● **Instructions for the task**: Please repeat, exactly as written, every line from the one containing "delicious fruit and" through the last line of the records, both included, and leave out any pictures.

● **Provided data**:
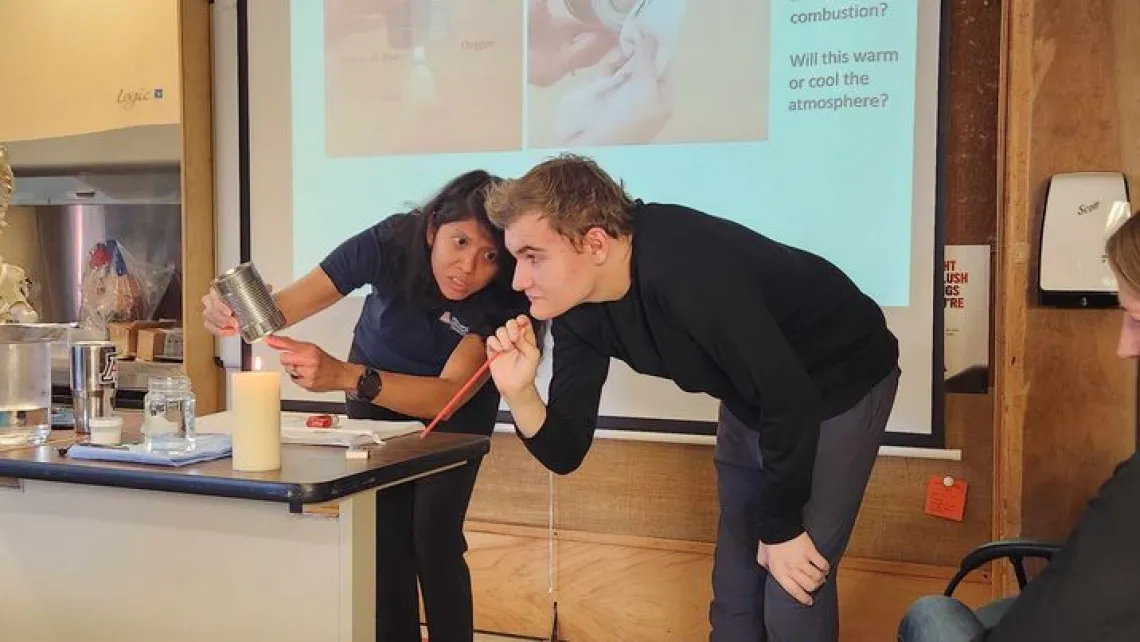 Genie Lorenzo (23-24 Carson Scholar) and Kino School student using a tin can and candle in a hands-on demonstration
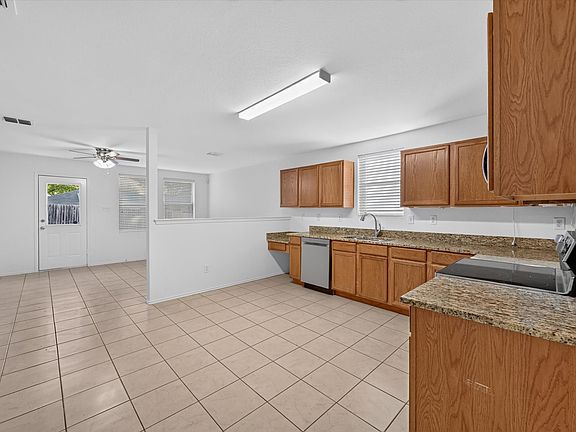 5th image of 8417 Redheart St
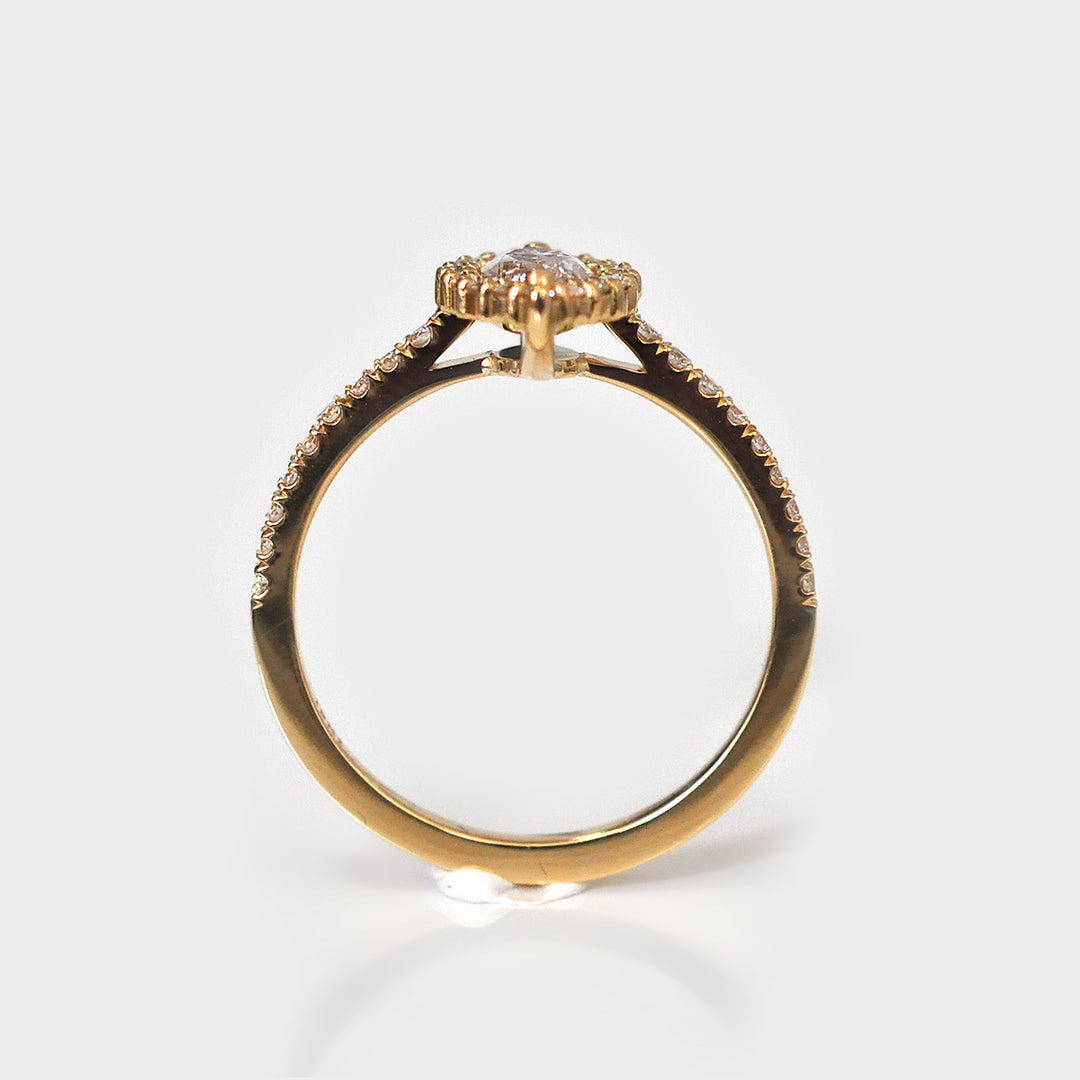 Light Pink Marquise Diamond Ring and White Diamonds Halo
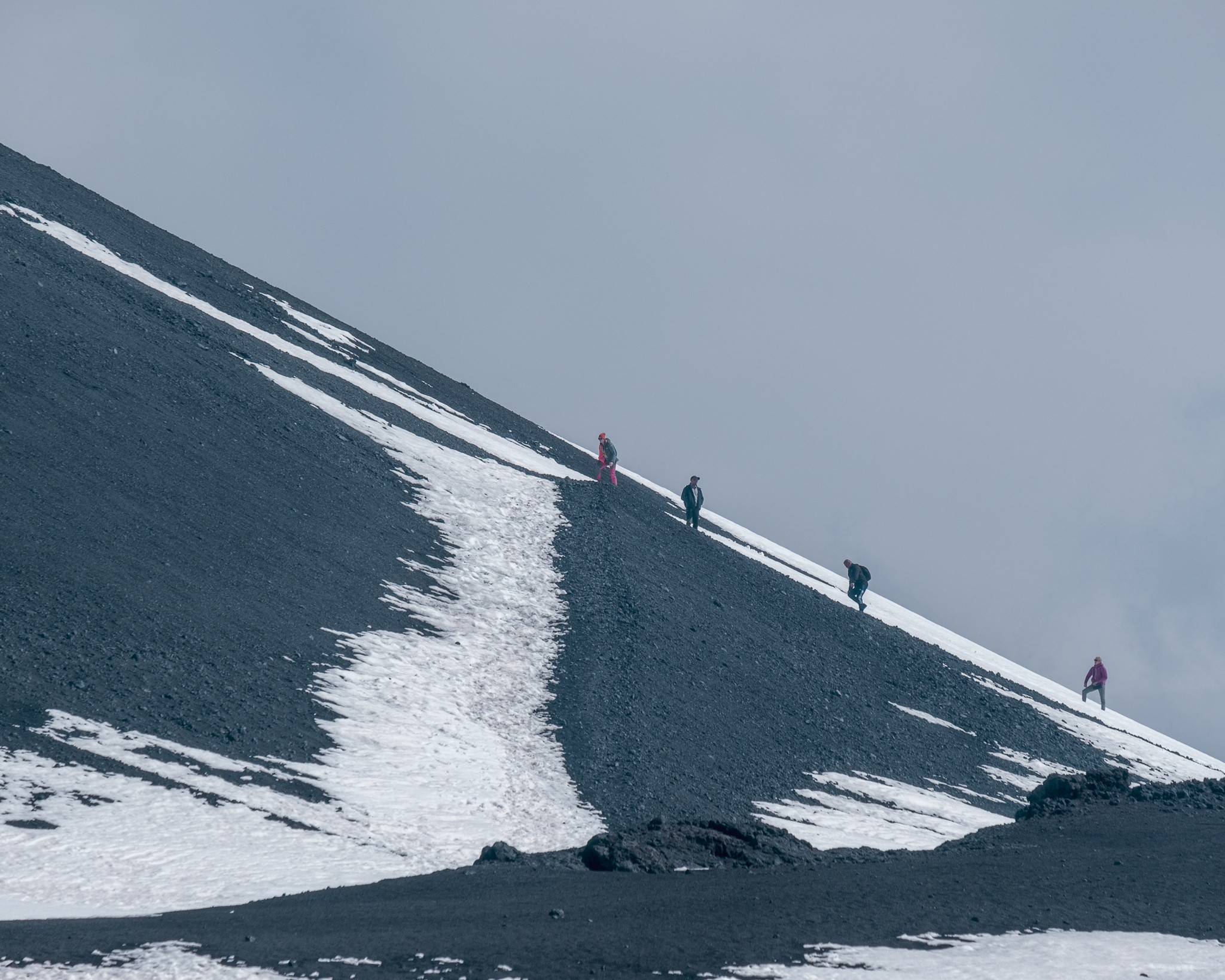 Cloudy day and people walking on Mount Etna Sicily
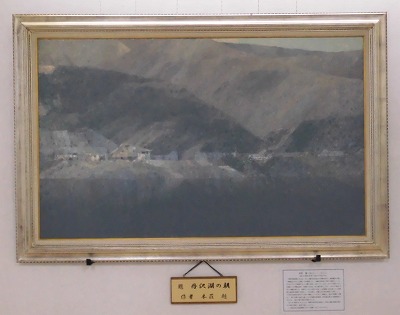 額縁に収められた、彩度を抑えた落ち着いたトーンで描かれた丹沢湖の絵とその下のネームプレートにタイトルと作者が書かれた写真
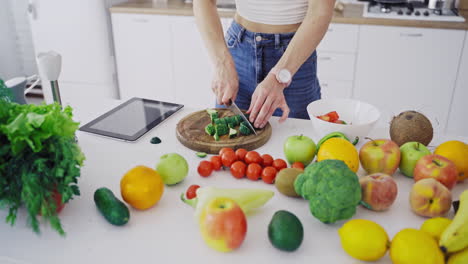 delicious fruit and vegetables on a table and woman cooking. housewife is cutting green cucumbers on a wooden board for making fresh salad in the kitchen. vertical video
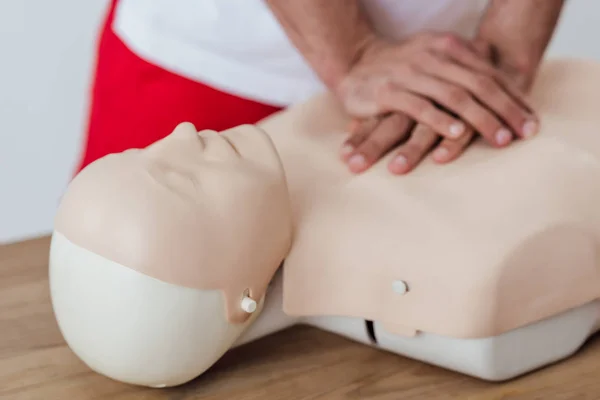 Обрезанный вид человека с помощью метода сжатия груди на манекен во время тренировки CPR — стоковое фото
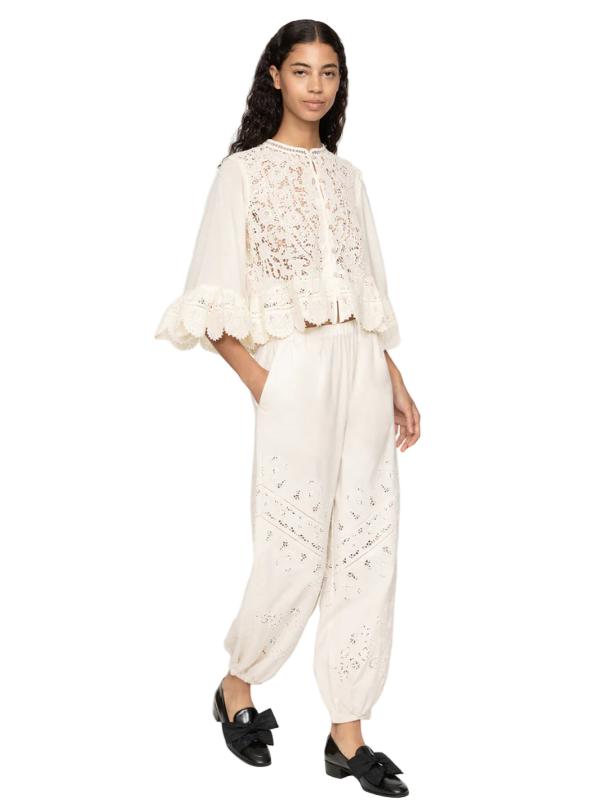 Shanna Lace Track Pants in Cream showcasing intricate lace detailing and a comfortable elasticized waistband.
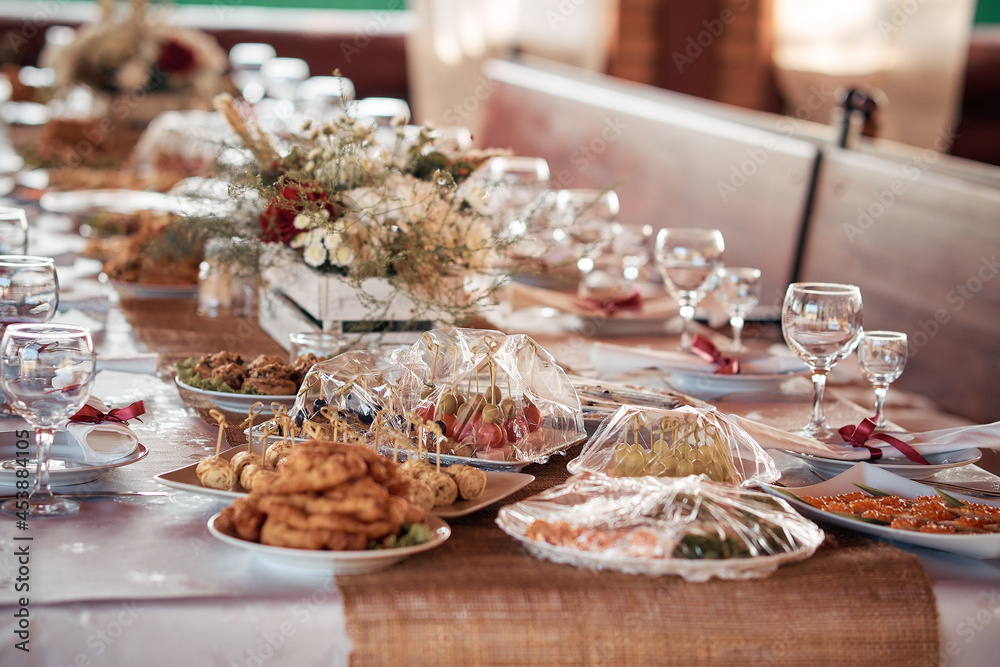 Decorated elegant wooden wedding table for banquet outdoor in garden gazebo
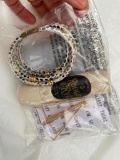 Snake skin bracelet, Rough Rye perfume oil and triangular earrings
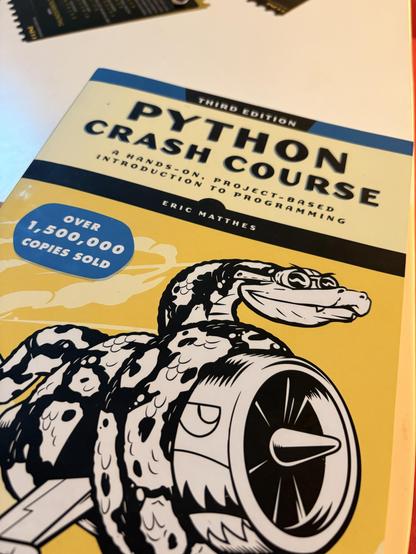 The image features the cover of the book "Python Crash Course" by Eric Matthes, which is identified as the third edition. The cover includes a stylized illustration of a snake and highlights that over 1,500,000 copies have been sold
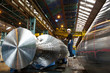 Engineers working on metal machinery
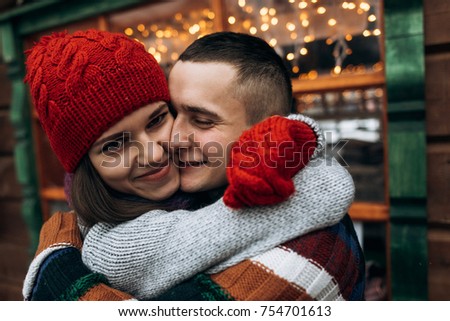 Close up portrait of young couple in knitted clothes in winter with christmas light background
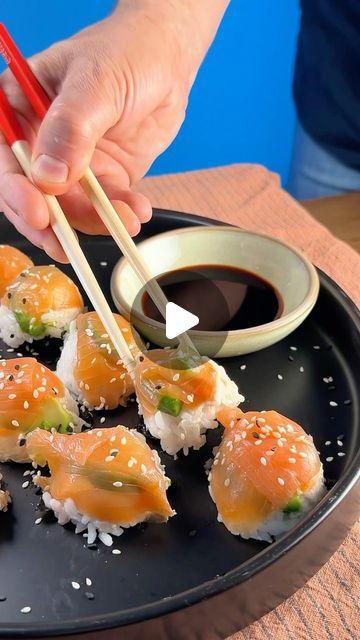 someone holding chopsticks over sushi on a black plate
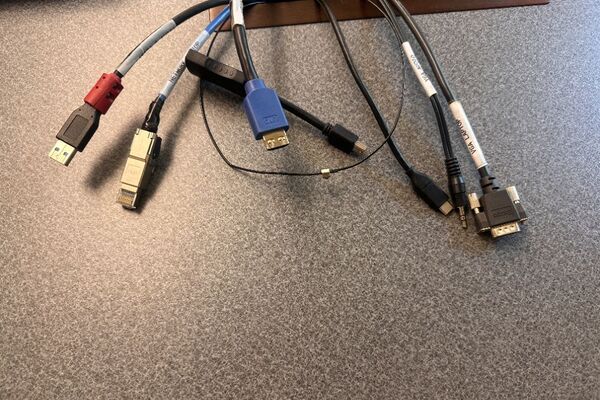 Pedestal - laptop cable connections with cables pulled out showing cable ends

● **Result for this exercise**:
 delicious fruit and vegetables on a table and woman cooking. housewife is cutting green cucumbers on a wooden board for making fresh salad in the kitchen. vertical video
 Обрезанный вид человека с помощью метода сжатия груди на манекен во время тренировки CPR — стоковое фото
 Shanna Lace Track Pants in Cream showcasing intricate lace detailing and a comfortable elasticized waistband.
 Decorated elegant wooden wedding table for banquet outdoor in garden gazebo
 Snake skin bracelet, Rough Rye perfume oil and triangular earrings
 The image features the cover of the book "Python Crash Course" by Eric Matthes, which is identified as the third edition. The cover includes a stylized illustration of a snake and highlights that over 1,500,000 copies have been sold
 Engineers working on metal machinery
 Close up portrait of young couple in knitted clothes in winter with christmas light background
 someone holding chopsticks over sushi on a black plate
 Pedestal - laptop cable connections with cables pulled out showing cable ends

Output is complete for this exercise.